▸ What the exercise asks: What's wanted is each entry repeated verbatim, minus its images.

-- Supplied material follows --

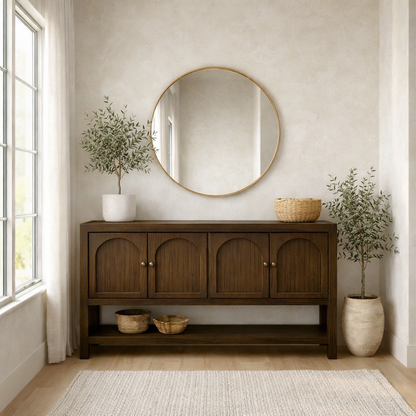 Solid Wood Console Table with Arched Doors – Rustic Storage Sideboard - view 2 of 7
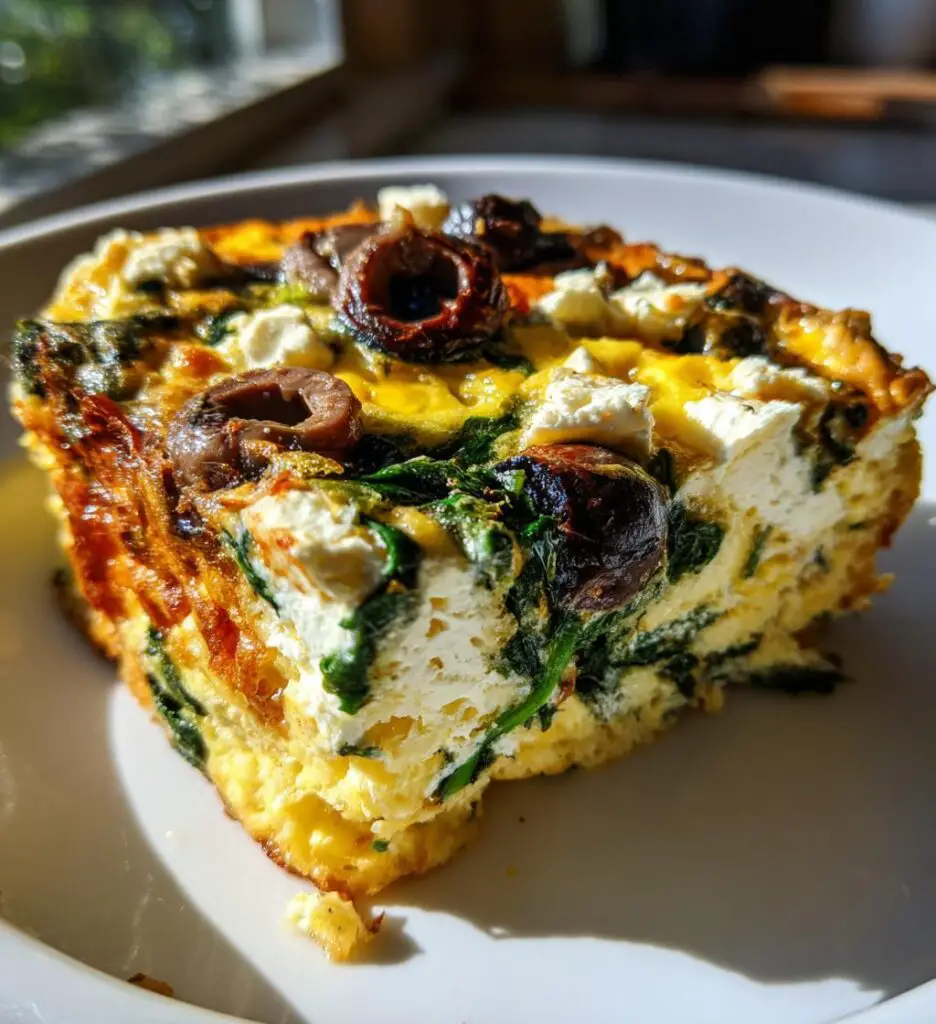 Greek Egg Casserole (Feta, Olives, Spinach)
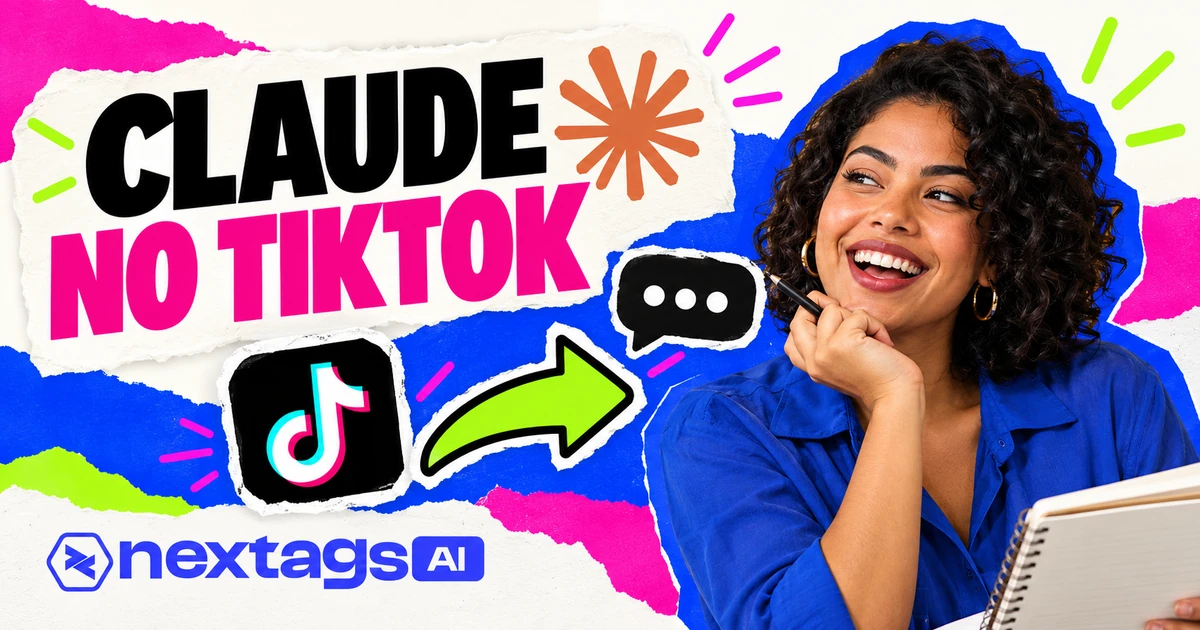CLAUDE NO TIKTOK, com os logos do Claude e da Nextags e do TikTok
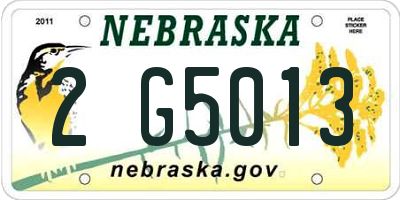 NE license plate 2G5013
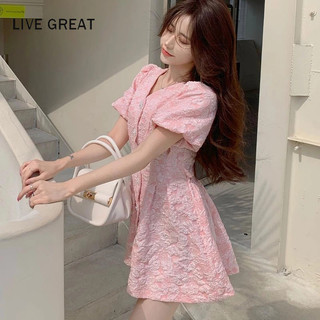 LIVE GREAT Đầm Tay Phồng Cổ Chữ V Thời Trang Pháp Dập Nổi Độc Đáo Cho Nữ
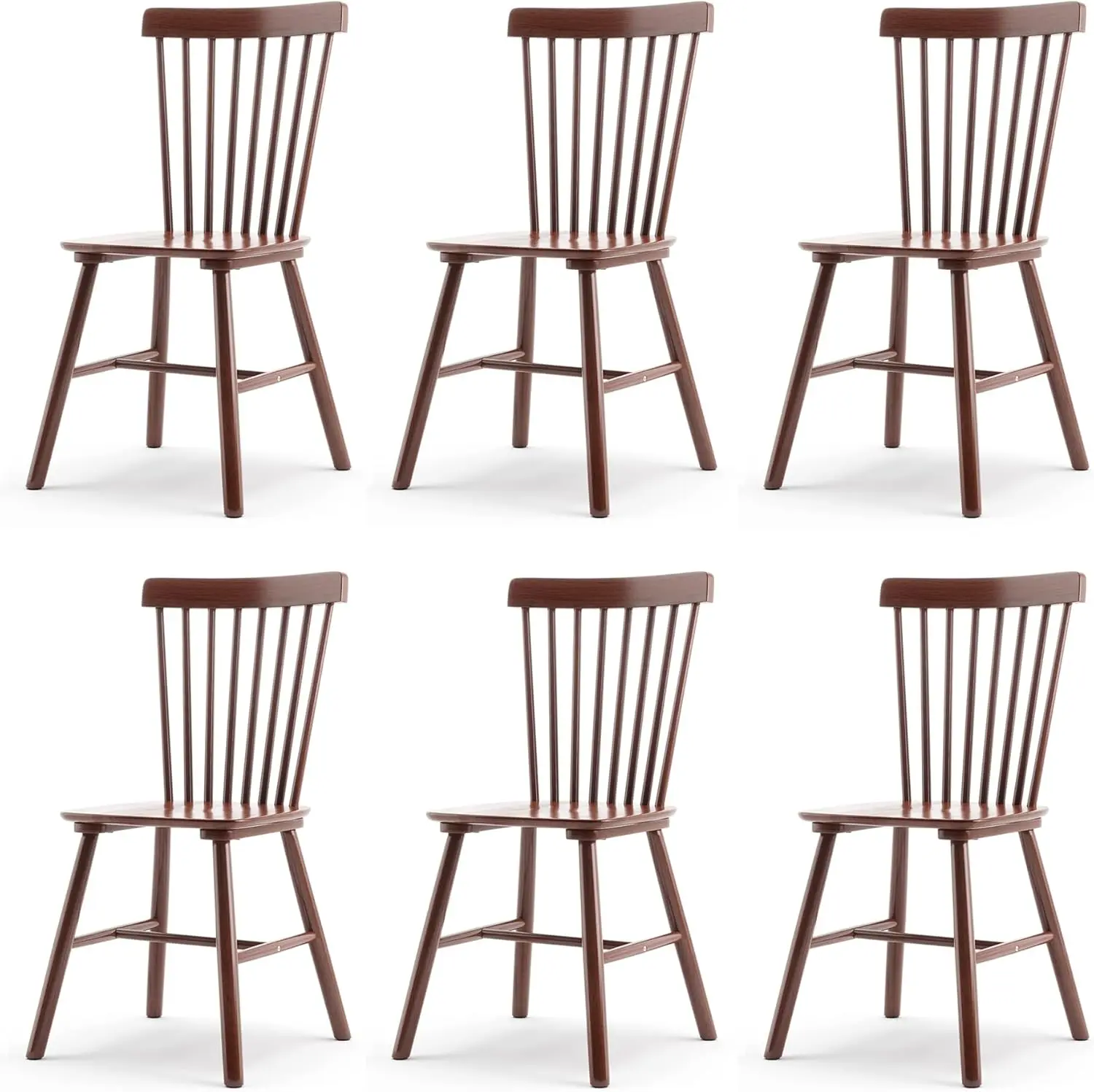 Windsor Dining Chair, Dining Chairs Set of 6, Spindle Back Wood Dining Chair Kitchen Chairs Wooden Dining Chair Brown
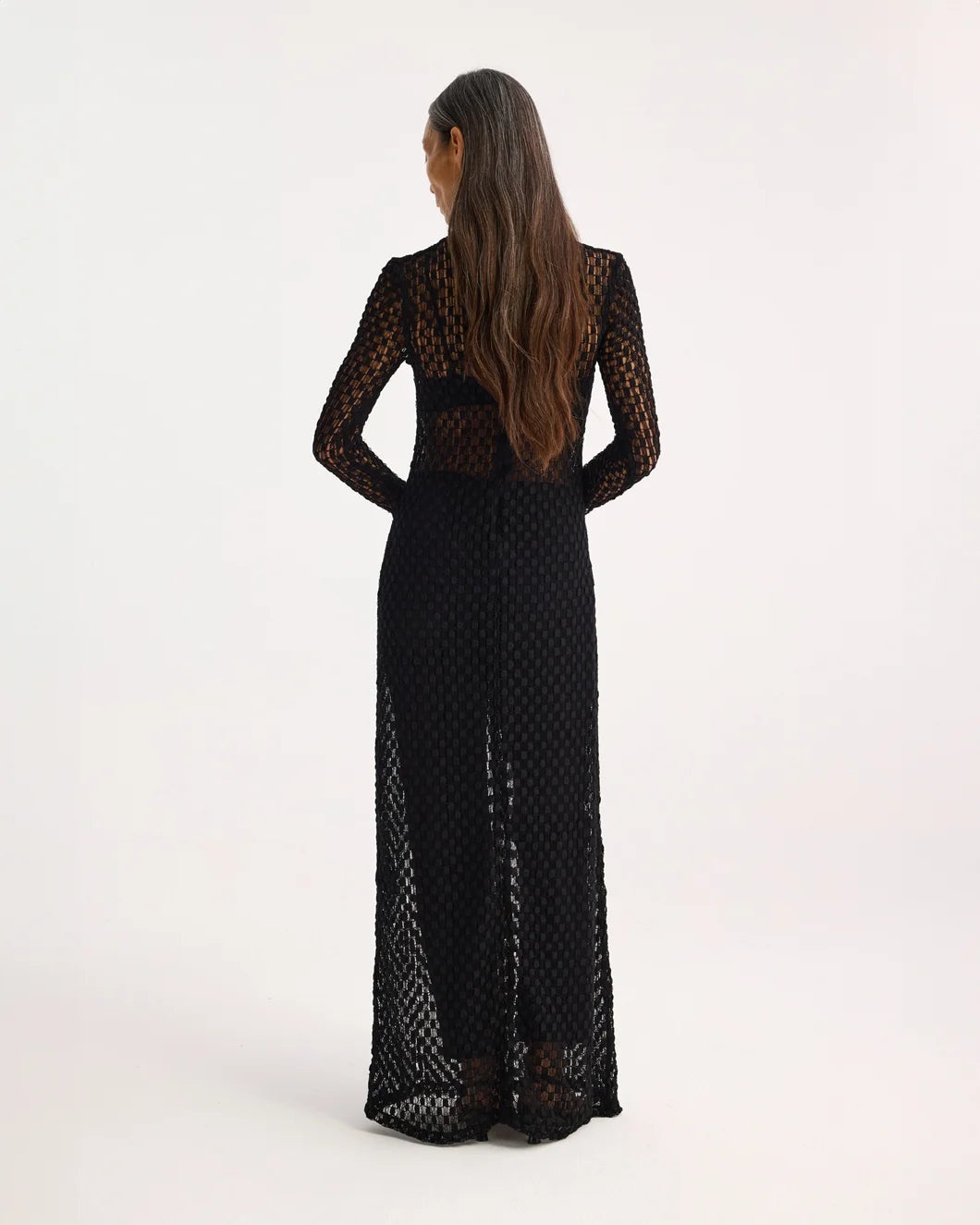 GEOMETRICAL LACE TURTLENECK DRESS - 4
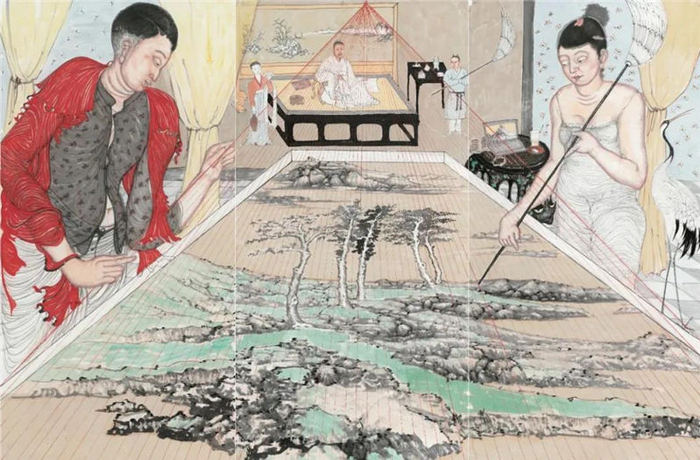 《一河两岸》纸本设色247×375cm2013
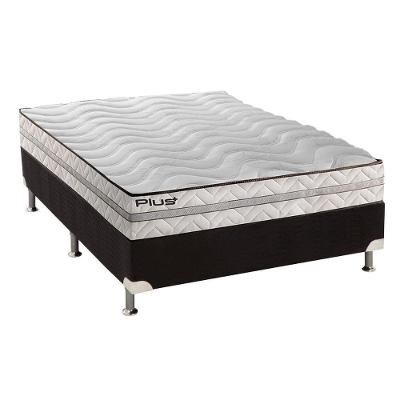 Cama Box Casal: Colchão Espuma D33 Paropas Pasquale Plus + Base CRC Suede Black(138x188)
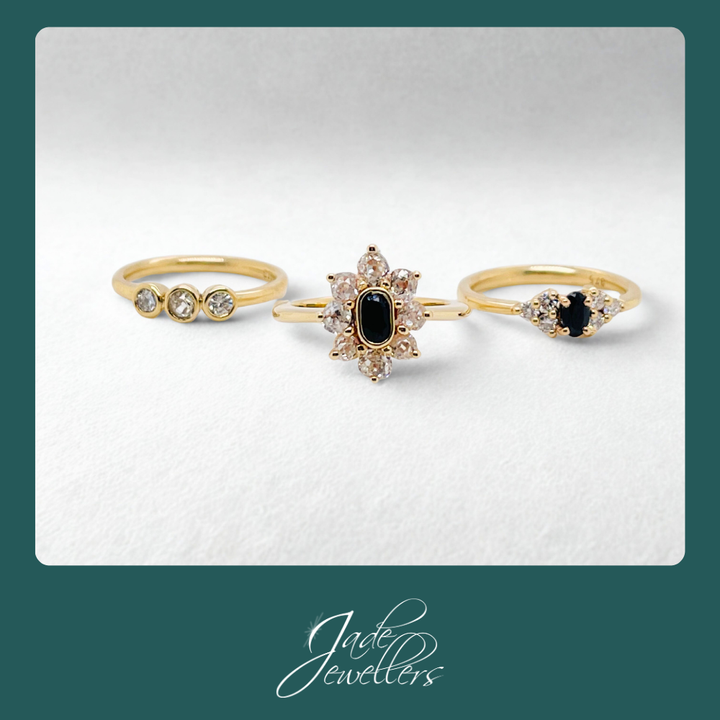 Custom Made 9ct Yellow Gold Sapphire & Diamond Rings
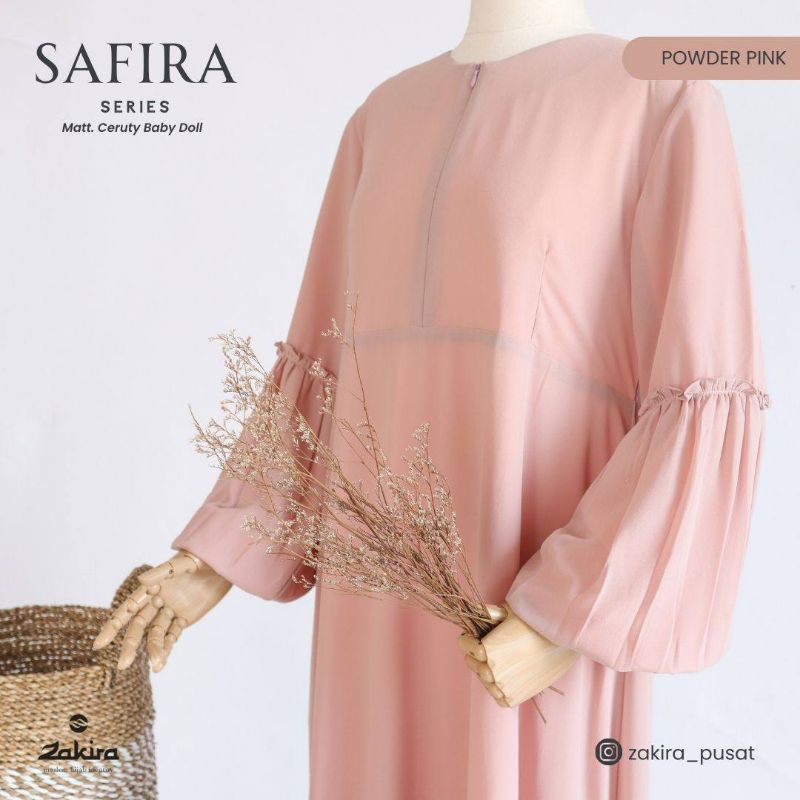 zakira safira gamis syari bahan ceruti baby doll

-- Supplied material concluded --

▸ Reply:
 Solid Wood Console Table with Arched Doors – Rustic Storage Sideboard - view 2 of 7
 Greek Egg Casserole (Feta, Olives, Spinach)
CLAUDE NO TIKTOK, com os logos do Claude e da Nextags e do TikTok
 NE license plate 2G5013
 LIVE GREAT Đầm Tay Phồng Cổ Chữ V Thời Trang Pháp Dập Nổi Độc Đáo Cho Nữ
 Windsor Dining Chair, Dining Chairs Set of 6, Spindle Back Wood Dining Chair Kitchen Chairs Wooden Dining Chair Brown
 GEOMETRICAL LACE TURTLENECK DRESS - 4
 《一河两岸》纸本设色247×375cm2013
 Cama Box Casal: Colchão Espuma D33 Paropas Pasquale Plus + Base CRC Suede Black(138x188)
 Custom Made 9ct Yellow Gold Sapphire & Diamond Rings
 zakira safira gamis syari bahan ceruti baby doll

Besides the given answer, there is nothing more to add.